I don't believe that it's
pretty sure a CANCEL of the whole cohesion is going to happen just because I
send a PREPARE_INFERIORS. I may be sending many such PREPARE_INFERIORS over a
period of hours or days and not make a choice until much later as to how to
end the cohesion. Or perhaps I've misunderstood what you
meant.
PF 2: The application
logic has gone wrong - it's lost track of what inferiors it actually
has. I would most strongly advise writers of transactional applications
to make the error path of their code cause the cancellation of anything
it can cancel, rather than try to barge their way through. And probably
even more so for writers of intermediate abstraction layers (which has
less idea what's going on and ought to be even less likely to get its table in
a twist)
PF: My
concern was to avoid forcing an implmentation to scan through the list to
check, when there is very little use that can be made of the warning, and when
the warning shouldn't happen anyway.
I
disagree that there is little that can happen when a warning occurs. Whatever
called PREPARE_INFERIORS (whether directly or via many layers of abstraction)
had better expect that such an error can occur and to be able to deal with it.

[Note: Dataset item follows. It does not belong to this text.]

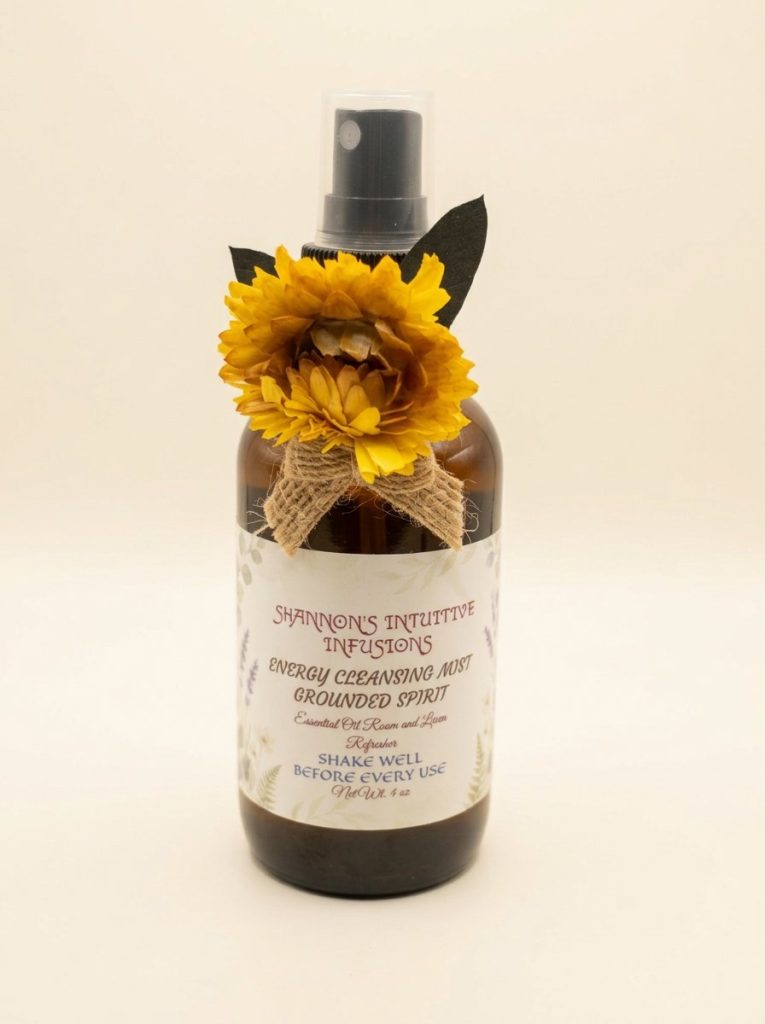 Energy Cleansing Room & Linen Spray, Grounded Spirit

What I'm saying is that we can say at our level that "nothing will have
prepared" if such an error occurs and that gives the higher-level abstractions
and business logic a better footing from which to deal with the error than
would otherwise be the case IMO.
There
ought to be an exception catcher, certainly. And if that really wants to carry
on, we have the mechanisms to interrogate the actual status (remember that
inferiors can go prepared spontaneously anyway). But why must the decider
implmentation be requried to produce a well-defined result to what was a
garbled instruction. The application (or abstraction) code is bugged.